Como, então, o sr. definiria a esquerda? Você pode definir esquerda como justiça. É preciso haver justiça de gênero, por exemplo. Não se pode permitir que no mesmo trabalho a mulher ganhe menos ou que tenha que ficar em casa para o homem trabalhar, cuidar dos filhos, e o homem não. Isso é justiça. Mas vêm as feministas e dizem que justiça é poder abortar quando a mulher quiser. Aí vem a polêmica.

Pessoalmente, como o sr. se coloca sobre esses temas morais? Sou opositor por consciência do aborto. Eu disse aos gays: existe a união de fato, com todos os benefícios de um matrimônio. Mas um matrimônio em princípio, por tradição em nossa sociedade, como parte da cultura, é uma união do homem e da mulher, e eu também sigo considerando isso como correto. Você vai escrever isso e vai ver o monte de gente que vou decepcionar, vão dizer: "Correa não é de esquerda".

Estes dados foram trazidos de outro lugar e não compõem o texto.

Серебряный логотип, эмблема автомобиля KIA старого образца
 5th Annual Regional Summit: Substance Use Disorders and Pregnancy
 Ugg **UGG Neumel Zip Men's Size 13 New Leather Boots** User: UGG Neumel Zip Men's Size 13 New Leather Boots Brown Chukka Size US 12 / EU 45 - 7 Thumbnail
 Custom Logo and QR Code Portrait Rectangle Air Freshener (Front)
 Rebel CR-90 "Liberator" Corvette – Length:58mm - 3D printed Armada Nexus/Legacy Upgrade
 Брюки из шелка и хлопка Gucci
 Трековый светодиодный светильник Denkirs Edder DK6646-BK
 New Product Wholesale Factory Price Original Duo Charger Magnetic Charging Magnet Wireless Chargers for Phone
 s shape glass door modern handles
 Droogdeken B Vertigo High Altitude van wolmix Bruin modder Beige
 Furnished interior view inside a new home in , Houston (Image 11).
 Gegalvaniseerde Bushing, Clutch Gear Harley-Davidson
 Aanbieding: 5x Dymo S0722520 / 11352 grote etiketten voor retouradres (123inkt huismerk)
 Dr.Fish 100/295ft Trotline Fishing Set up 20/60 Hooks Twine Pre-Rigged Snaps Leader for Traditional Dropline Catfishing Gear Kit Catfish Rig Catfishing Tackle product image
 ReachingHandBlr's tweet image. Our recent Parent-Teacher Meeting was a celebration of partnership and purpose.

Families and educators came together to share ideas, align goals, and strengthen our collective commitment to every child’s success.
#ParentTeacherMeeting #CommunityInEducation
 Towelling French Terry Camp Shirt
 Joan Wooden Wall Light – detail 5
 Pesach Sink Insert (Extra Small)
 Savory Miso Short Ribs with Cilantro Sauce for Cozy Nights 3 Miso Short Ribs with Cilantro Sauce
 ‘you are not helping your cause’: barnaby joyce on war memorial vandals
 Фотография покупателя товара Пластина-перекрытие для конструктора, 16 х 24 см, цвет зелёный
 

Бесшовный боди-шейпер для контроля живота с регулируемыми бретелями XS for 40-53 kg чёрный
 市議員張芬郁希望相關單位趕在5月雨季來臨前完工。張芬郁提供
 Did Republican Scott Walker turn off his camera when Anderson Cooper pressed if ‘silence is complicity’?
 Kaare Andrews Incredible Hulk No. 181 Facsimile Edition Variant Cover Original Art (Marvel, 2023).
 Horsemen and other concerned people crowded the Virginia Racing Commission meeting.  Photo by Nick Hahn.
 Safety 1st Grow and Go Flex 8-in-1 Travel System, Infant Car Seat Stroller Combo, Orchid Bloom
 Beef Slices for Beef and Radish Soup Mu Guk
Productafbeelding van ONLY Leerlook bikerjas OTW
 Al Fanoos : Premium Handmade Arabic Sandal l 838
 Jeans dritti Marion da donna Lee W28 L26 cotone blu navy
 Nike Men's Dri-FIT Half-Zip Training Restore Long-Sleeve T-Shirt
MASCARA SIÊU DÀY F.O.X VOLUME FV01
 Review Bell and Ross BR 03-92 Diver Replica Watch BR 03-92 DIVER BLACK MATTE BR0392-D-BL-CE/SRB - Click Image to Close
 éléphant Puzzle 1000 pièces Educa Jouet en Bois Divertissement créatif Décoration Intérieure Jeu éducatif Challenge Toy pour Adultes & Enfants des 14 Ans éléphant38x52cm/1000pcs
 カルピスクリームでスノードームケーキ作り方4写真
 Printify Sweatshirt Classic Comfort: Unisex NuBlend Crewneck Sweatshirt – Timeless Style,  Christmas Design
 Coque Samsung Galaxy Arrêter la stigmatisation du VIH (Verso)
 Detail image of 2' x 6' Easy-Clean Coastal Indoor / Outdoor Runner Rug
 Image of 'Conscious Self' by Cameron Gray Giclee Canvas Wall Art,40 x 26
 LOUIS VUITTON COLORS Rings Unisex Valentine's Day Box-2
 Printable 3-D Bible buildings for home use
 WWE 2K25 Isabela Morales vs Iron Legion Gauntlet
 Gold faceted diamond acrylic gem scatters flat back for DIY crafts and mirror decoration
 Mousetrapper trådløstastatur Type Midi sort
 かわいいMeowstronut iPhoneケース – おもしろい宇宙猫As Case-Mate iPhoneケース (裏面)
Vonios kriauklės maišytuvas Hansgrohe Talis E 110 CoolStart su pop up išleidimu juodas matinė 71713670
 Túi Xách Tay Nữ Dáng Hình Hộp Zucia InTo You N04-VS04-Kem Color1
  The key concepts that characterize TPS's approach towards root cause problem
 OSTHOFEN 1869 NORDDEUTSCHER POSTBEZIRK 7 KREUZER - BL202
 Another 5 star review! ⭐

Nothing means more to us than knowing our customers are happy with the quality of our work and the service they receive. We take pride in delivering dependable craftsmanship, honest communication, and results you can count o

Essa ideia de gênero, que um garoto de 12 anos se sente mulher, é uma loucura terrível. Sempre se deve respeitar. O que não se pode dizer é: "Você se sente mulher, então comece a se vestir como mulher". Pelo amor de Deus. Pode ser que alguma criança psicologicamente esteja preparada para ter outro sexo, pode ser uma exceção. Mas que não seja regra que um menino de 12 anos se sente mulher e temos que aceitar.

A grande maioria da esquerda global tem uma posição diferente da sua. Se isso é ser de esquerda, não sou de esquerda. O que vou fazer? Fico com meus princípios, com minhas visões e com o que tenho certeza de ser correto.

Como o sr. vê as organizações internacionais de esquerda hoje em dia, como o Grupo de Puebla e o Foro de São Paulo? Têm uma grande importância. O Grupo de Puebla é um espaço que faltava. Não tínhamos coordenação entre dirigentes progressistas. O Foro de São Paulo foi criado em 1990, creio que tem algumas contradições. Lá está o Pachakutik [partido indígena equatoriano], que apoia Lasso. Creio que está um pouco superado.


Raio-x | Rafael Correa, 59

Presidente do Equador de 2007 a 2017, foi também ministro da Economia (2005), professor de economia na Universidade São Francisco de Quito e diretor do Ministério da Educação. É graduado em economia pela Universidade Católica de Louvain (Bélgica), com mestrado e doutorado pela Universidade de Illinois (EUA). Escreveu três livros sobre o cenário econômico do Equador.